Voci autorevoli e insistenti indicano come prossimo direttore generale dell’Agenzia Spaziale Italiana, il generale Pasquale Preziosa, biscegliese.

La nomina dovrebbe arrivare nei prossimi giorni, a seguito della revoca da parte del governo dell’incarico allo scienziato Roberto Battiston.

“Uno scienziato dai solidi trascorsi cui potrebbe subentrare, nella corsa alla successione già partita, una figura di estrazione completamente diversa”, scrive Il Sole 24Ore che poi conferma le voci sul generale Preziosa.

“Per il ruolo di presidente dell’Agenzia, infatti, il governo sarebbe intenzionato a puntare su un generale, Pasquale Preziosa, pugliese, già capo di stato maggiore dell’Aeronautica militare -scrive il quotidiano economico-. Una scelta di rottura rispetto alla linea battuta finora e che ha privilegiato un profilo differente per la guida dell’ente, snodo strategico di un settore, quello della space economy, che oggi vale 1,6 miliardi e che è cresciuto moltissimo negli ultimi anni sotto l’impulso dell’Asi guidata da Battiston.

Un segmento del Made in Italy in gran forma, dunque, caratterizzato per l’80% da piccole e medie imprese, con la fetta principale di occupati e fatturato concentrata però soprattutto nelle grandi aziende (dove il gruppo Leonardo fa la parte del leone, anche grazie alle sue joint venture Telespazio e Thales Alenia Space). E che, come detto, nel periodo 2014-2016, ha conosciuto una crescita costante: in tre anni, l’incremento occupazionale è stato del 3 per cento, con quasi 6300 lavoratori specializzati. E sono aumentate in modo rilevante anche le Pmi impegnate nel comparto, passate da 476 a 578.

Anche in termini di contributo apportato ai programmi oltreconfine, l’Italia ha poi fatto segnare numeri da primato.

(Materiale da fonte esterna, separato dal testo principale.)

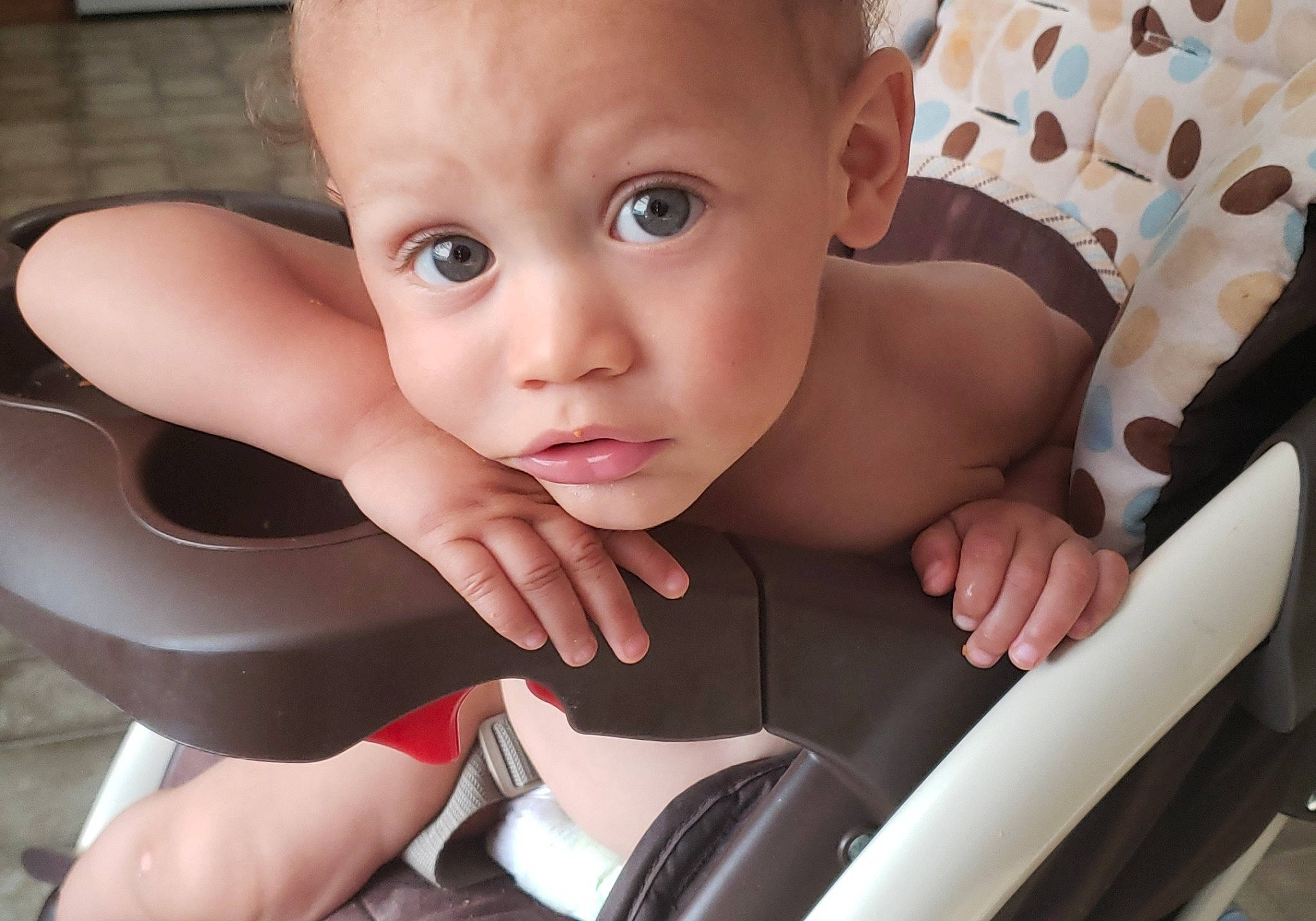 Ezra King is registered to the contest to win money with this photo: arm, baby, cheek, child, ear, eye, face, finger, hand, head, leg, mouth, muscle, nose, person, product, sitting, skin, smile, toddler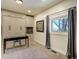 Bright home office featuring a built-in Murphy bed, a desk, and a large window with natural light at 16440 Old Denver Rd, Monument, CO 80132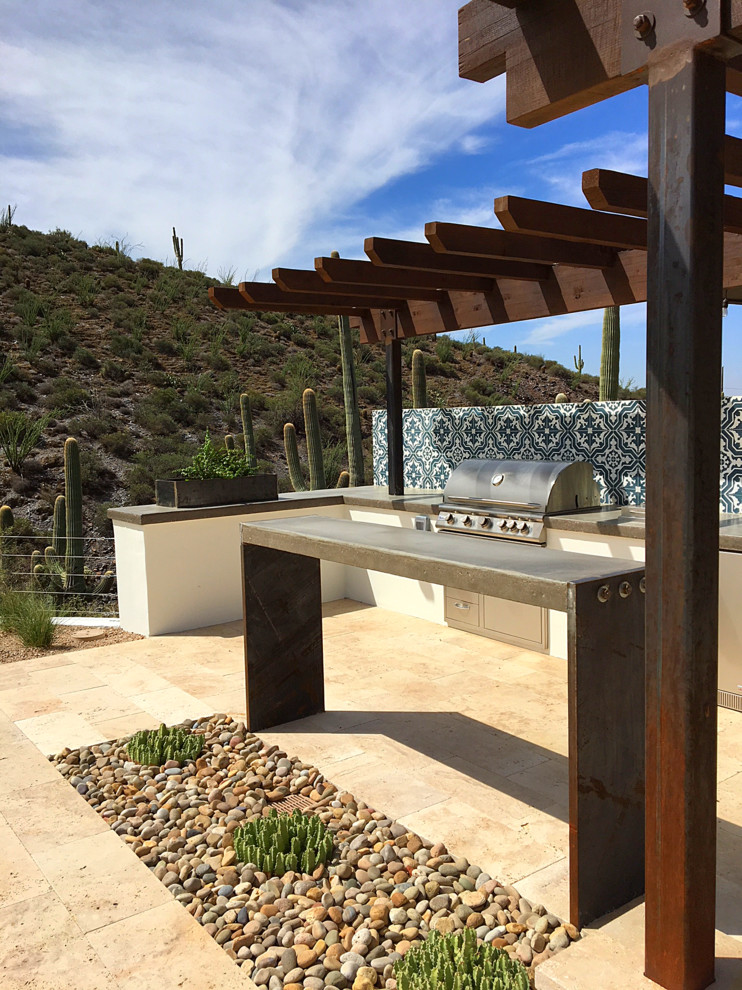 Photo of a large back patio in Phoenix with an outdoor kitchen, natural stone paving and a pergola.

Nell’ambito dei programmi della Commissione europea, nel periodo 2014-2017 (dati di medio-termine della programmazione 2014-2020), il paese ha ottenuto infatti un sovra-ritorno di 276 milioni di euro: considerando che la contribuzione ai piani di Bruxelles è stata di circa il 12,48 per cento, il sistema spaziale italiano ha ricevuto indietro un 16,4%, mettendo in sostanza a segno un più 4 per cento. E anche rispetto all’asse con l’Agenzia spaziale europea – di cui, come detto, l’Italia è il terzo contributore con 2 miliardi di euro investiti tra il 2014 e il 2017 -, i riverberi sono stati altrettanto positivi, con un ritorno di 170 milioni di euro nel triennio per il sistema-paese. In sostanza, per ogni euro investito, il beneficio è stato di 1,12 a fronte, per esempio, dell’1,03 della Spagna o dello 0,98 della Germania. Una eredità non da poco, dunque, con cui il successore di Battiston sarà chiamato a misurarsi”.